They do, although not at the same level. Here we’re part of SALS, the Southern Adirondack Library System. In the Toronto area, we had the Southern Ontario Library System. The support from the library system was not the same as it is here. The very small libraries might get more support, although since I left things may have changed a little bit. I know that one of the initiatives I was looking at there was province-wide e-book support, for the libraries that didn’t have it before. OverDrive is available on a province-wide level, and I think that’s administered through the library system. The systems did not provide nearly the support that they do here, though. But then the whole funding model is totally different in Ontario. That was a big thing, too, coming to a library where there’s a budget vote. That was not my experience in Canada. Not that we didn’t have our budget challenges, going to the city council and looking for money for the things we were doing. We were competing with the fire department and this department and that department, so that was just a different challenge.

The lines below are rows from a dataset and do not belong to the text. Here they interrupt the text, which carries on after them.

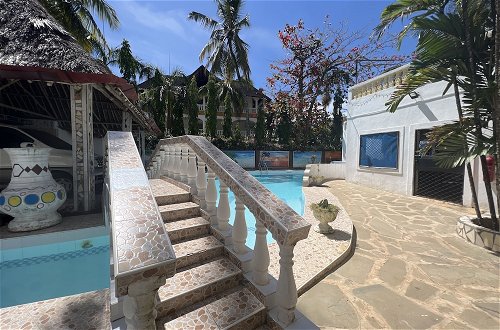 Photo 13 - Charming and Remarkable15-bed Villa in Diani Beach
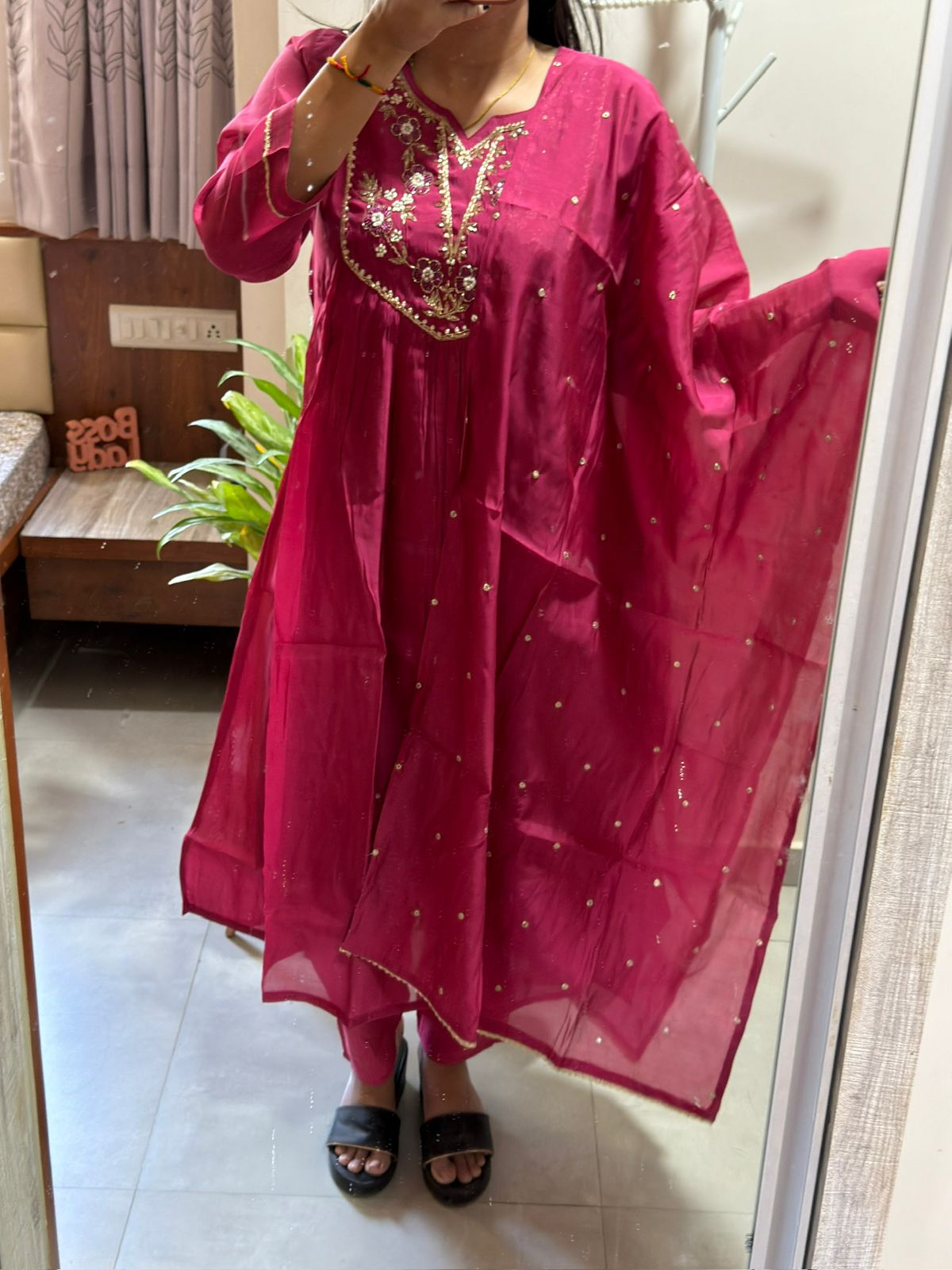 The Rani Zari Bloom Mul-Chanderi Anarkali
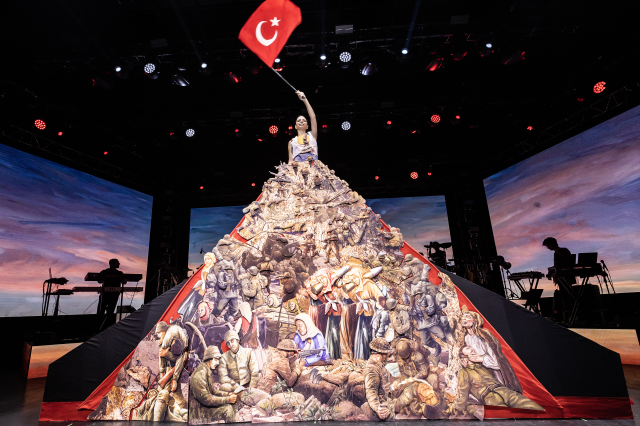 simge-30-agustos-zafer-bayrami-ni-4-5-metrelik-16279141_4337_m-1 Simge, 30 Ağustos Zafer Bayramı'nı 4,5 metrelik özel tasarım elbisesiyle kutladı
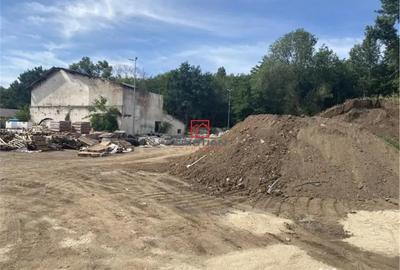 Teren de 5915 mp, în Central - 8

Which professional societies do you belong to?
I’m a member of the American Library Association, the Public Library Association, and NYLA. And the library is also a member of those organizations.
What are the most important things that a state library association such as NYLA should focus on?

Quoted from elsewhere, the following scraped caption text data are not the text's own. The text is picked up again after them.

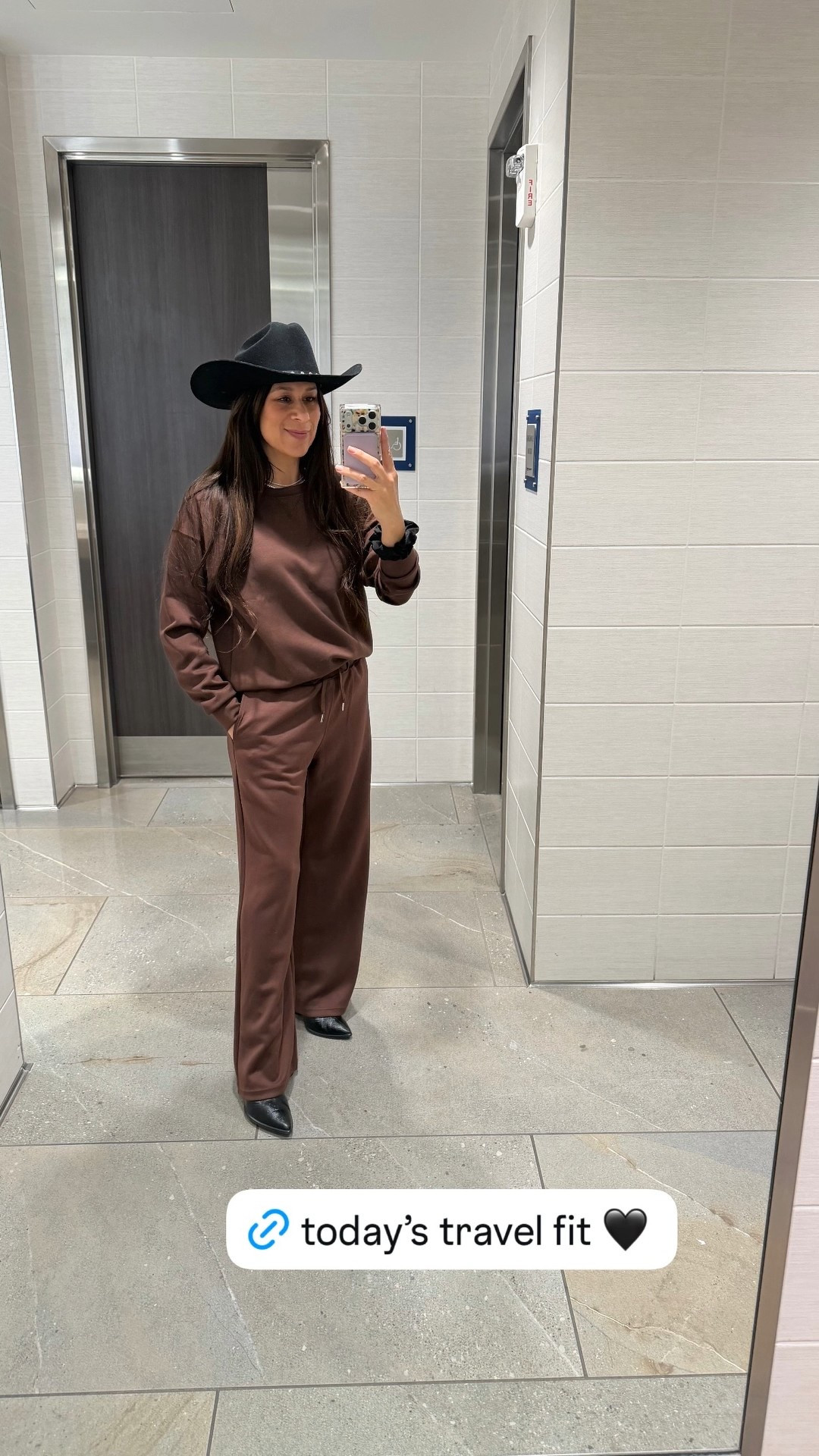 Love this set! Pockets too! Wearing a size small here. I also bought the light grey too  

#LTKootd #LTKTravel #LTKOver40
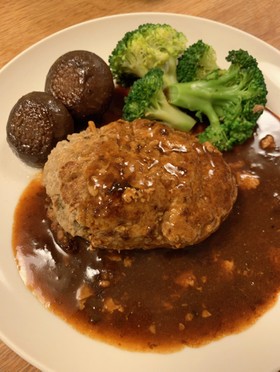 ふわっとジューシーなハンバーグ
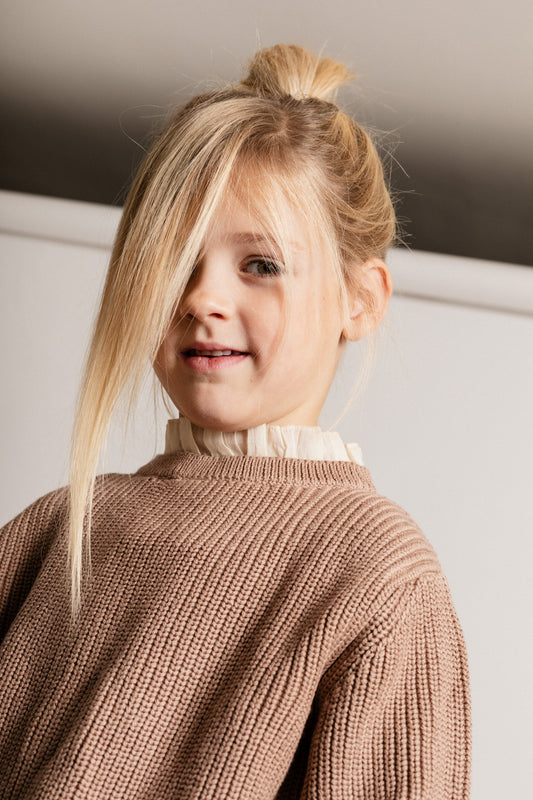 Baje Studio - knitted sweater Soho - peach almond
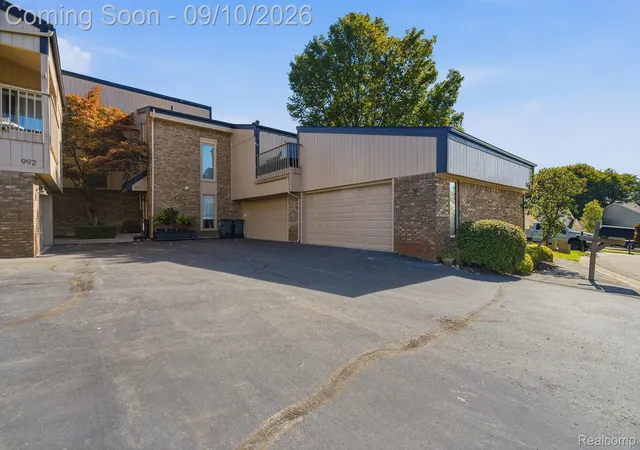 Photo 3 of Condo for sale at 988 Golfview Ct, Rochester Hills, MI 48307 | MLS# 20261071894 | Listing updated on 2026-09-15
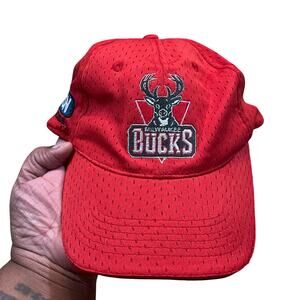 Vintage Milwaukee Bucks Hat Red Adjustable Strapback NBA Basketball Cap Logo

I think Michael Borges did a great job in terms of library advocacy at the state level, and I think that’s really important. As we look to be providing more services like e-service, I wonder whether the state should be playing a role in that. Could they be supporting public libraries on a statewide level? Sally Gillich, our Assistant Director for Technology, sits on a committee that’s looking at core competencies for digital literacy for the public, and NYLA is playing a role in that. I think those are the types of things that are important for them to do. It’s a moving target, because things are changing so fast, but that type of information is really important. They provided some tax cap information recently. That was very helpful.
For people who are currently in library school or thinking of going to library school, what advice do you have for someone who enjoys the public library and is wondering whether there will be jobs available for them when they get out?
I think there are some jobs available. We are a growing organization, but I don’t have a whole lot of staff positions. There are going to be retirements coming up, and that will create openings for new people.
I would tell a student in library school that what you’re learning is not necessarily going to be applicable tomorrow, because things are changing so fast. So if you’re choosing a career in libraries—or in public libraries, in particular—I think the number one thing is to be adaptable. It’s also very important to understand that you’re working with the public. Sometimes I think people forget that working with the public is what we’re about here. We are here to serve the public and to give the community the services and the products that they want from us. It may be different today than it will be tomorrow—well, it will be different. So, you need to recognize that you’re working for the public, and also recognize that things are going to change.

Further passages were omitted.